50kmすぎあたり、壁面に大きな落書きがありました。
赤字のスプレーで、「ΣKATA」。
読めもしないその落書きからなぜか目が離せず、いつまでも壁の赤文字に焦点があってしまうのが不思議でした。
赤文字系ファッションってわかります? 雑誌だとCanCamとか、かわいい女子が読むモテ系の格好なんですけど。
ギリシャにもあったりするのかなあ、赤文字で「ΣKATA」

などと、脳内でぼんやりファッション誌のロゴを組んだりして、通り過ぎてからも網膜から消えなかった「ΣKATA」に、突然答えがひらめきました。
「……スカタだ!!」

大会前、通訳ボランティアの坂根さんにいくつかのギリシャ語を教えていただいたんですけど、そのひとつが「スカタ」って言って、日本語で「うんち」なんです。
坂根さんからは、音だけをカタカナで教わっていたので書き方までは知らなかったのですが、「ΣΠΑΡΤΑΘΛΟΝ」の読み方が「スパルタスロン」だったことを思い出して、じゃあ「ΣKATA」Σ、は、スパルタのス、じゃん!
ス・カ・タ!! って。

「うんち」かあ。
国は違えど、壁の落書きの内容ってだいたい世界共通なんだなあと思うと、くだらなくて笑えました。自分の力で答えに辿り着けたこともうれしくて、「これで運(ウン)もつきますね!」って心の中で坂根さんに謝意を伝えたり。

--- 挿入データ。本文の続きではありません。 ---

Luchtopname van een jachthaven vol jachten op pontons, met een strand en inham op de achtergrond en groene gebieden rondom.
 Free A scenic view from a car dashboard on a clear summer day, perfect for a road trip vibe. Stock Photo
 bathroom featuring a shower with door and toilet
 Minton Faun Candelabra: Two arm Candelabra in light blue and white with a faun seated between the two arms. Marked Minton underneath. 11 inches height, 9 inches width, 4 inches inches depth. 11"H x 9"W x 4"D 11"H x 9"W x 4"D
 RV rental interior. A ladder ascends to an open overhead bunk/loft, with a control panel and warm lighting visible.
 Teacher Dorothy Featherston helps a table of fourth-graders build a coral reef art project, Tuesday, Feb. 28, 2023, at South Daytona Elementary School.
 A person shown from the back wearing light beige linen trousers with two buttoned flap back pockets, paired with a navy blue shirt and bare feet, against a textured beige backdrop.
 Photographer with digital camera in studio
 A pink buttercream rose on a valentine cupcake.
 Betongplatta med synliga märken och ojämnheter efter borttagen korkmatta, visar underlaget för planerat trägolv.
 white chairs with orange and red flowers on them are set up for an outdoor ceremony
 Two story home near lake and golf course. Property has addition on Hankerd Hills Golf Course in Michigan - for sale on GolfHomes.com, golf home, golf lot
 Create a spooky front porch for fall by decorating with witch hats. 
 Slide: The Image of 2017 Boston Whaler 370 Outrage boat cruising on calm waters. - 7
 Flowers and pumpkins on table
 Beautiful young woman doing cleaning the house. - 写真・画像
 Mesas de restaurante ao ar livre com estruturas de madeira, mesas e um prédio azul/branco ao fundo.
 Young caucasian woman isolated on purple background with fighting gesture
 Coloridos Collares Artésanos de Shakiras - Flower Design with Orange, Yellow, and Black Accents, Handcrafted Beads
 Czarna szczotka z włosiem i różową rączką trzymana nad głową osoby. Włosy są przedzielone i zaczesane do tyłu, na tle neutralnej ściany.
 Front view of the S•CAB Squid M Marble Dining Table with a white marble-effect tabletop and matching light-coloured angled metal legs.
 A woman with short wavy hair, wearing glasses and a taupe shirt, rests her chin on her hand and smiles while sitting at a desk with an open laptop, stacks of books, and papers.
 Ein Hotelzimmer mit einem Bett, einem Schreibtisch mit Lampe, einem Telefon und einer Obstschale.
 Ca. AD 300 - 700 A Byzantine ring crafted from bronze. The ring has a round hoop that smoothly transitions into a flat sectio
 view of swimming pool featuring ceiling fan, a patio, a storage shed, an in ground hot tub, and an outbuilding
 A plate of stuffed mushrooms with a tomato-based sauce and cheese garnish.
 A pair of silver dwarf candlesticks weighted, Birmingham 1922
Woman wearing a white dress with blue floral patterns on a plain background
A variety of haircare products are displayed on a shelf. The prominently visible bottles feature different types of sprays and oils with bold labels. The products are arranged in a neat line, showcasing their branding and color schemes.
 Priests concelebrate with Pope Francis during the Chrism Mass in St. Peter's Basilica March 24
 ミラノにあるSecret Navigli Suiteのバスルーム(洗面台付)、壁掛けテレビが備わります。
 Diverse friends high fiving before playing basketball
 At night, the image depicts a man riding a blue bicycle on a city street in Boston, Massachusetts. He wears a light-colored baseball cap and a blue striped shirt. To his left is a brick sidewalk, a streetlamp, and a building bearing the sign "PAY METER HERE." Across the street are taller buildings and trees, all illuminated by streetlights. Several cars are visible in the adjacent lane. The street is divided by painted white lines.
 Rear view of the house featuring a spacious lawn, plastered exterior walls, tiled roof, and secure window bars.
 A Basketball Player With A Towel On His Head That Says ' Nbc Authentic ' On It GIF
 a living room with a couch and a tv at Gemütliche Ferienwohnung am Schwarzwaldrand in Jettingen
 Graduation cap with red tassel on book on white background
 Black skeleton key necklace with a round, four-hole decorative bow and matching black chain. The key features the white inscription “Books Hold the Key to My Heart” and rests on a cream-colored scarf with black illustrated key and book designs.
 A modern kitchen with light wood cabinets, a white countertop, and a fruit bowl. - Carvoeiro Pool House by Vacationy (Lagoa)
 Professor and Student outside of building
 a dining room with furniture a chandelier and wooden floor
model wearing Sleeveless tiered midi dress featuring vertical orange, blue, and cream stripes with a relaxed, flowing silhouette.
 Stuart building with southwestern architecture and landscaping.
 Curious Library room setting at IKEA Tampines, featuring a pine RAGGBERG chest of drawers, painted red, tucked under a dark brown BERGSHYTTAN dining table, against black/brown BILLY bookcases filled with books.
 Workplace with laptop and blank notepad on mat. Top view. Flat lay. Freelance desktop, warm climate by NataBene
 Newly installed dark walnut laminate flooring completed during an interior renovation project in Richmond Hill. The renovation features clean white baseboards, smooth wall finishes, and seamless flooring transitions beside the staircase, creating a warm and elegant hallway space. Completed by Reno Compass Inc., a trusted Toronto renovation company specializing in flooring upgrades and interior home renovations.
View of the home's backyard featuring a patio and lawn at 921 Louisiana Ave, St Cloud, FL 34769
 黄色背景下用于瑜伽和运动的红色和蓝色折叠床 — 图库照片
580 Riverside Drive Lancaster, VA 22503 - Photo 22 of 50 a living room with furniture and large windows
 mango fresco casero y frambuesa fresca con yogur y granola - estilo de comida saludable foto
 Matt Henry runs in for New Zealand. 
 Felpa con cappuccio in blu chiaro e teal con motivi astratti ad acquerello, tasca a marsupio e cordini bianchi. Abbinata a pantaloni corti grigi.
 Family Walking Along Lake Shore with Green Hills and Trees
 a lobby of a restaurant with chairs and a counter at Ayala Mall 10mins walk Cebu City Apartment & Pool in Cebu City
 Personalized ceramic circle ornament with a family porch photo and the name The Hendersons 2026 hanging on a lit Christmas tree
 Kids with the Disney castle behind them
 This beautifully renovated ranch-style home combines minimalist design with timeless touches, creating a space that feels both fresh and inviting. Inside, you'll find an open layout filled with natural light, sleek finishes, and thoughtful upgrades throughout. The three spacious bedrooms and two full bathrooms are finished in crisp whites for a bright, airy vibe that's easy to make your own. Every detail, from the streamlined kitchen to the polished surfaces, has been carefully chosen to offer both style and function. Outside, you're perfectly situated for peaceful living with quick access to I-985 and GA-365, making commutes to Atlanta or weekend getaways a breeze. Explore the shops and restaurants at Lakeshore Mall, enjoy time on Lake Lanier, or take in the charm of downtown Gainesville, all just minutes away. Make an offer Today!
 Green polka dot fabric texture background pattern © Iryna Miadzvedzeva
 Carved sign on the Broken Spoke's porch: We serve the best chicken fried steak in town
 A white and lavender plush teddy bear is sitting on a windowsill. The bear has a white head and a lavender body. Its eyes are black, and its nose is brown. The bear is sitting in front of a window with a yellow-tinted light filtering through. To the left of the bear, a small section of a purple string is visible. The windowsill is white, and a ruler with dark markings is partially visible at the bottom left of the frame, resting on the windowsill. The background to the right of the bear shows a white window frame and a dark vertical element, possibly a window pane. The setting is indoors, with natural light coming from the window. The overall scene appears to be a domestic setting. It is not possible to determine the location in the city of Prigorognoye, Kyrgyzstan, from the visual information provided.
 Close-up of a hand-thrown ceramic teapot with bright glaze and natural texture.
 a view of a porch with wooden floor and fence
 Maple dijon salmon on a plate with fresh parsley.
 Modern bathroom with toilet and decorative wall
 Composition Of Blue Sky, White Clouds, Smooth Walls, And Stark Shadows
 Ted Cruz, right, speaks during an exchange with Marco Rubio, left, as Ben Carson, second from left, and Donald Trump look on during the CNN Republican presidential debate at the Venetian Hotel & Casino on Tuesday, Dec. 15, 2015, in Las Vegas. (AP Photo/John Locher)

便意を覚えましたが、きっとスカタのことばっか考えていたせいだと思って、「まやかしの便意に惑わされるな」と眉間に皺を寄せて唱え続けたら見事におさまりました。
洗脳されやすい体質です。

スカタを越えてすぐ、あきちゃんらしき背中を見つけた、と思うと一瞬で追いついてしまいました。武内さんは他の選手にもどんどん抜かれていて、見るからにペースが落ちているようでした。
もっと後半に追いつくつもりだったので、不吉な予感がしました。サロマでも、今と同じ60km地点で捉えてそして、その後あきちゃんはリタイアしたのでした。
結局、どれくらい練習したかをわたしたちは互いに話しておらず、それぞれ「自分なりにやった」としか表現できなかったから、あきちゃん……やっぱり脚できてないのかな、だめなのかなと思った。
いっしょについてくるんじゃないかと期待していた背中の足音はみるみる遠ざかり、振り向いたときには既に小さく、どのランナーがあきちゃんなのか、もうわかりませんでした。
「幸運を祈る。」そう願うしかなかった。

まもなく前方に山田さんを発見。
そしたら急にギアが二段上がってペースアップ、わざと軽い調子をつくって「ウィ〜!」っつって、男子校生みたいな口をきいてすごいスピードで抜かしました。
山田さんが「おお〜」って感心してくれてうれしかった。
今までろくに話したこともないのに、自分はどういうわけか山田さんに対してめちゃくちゃかっこつけていて、何これ。戸惑いました。
どうもわたしは山田さんに「男らしい」と思われたいようなのでした。山田さんのことを同性として、性的に意識しているんだと思った。わたしの中のホモが目覚めた瞬間でした。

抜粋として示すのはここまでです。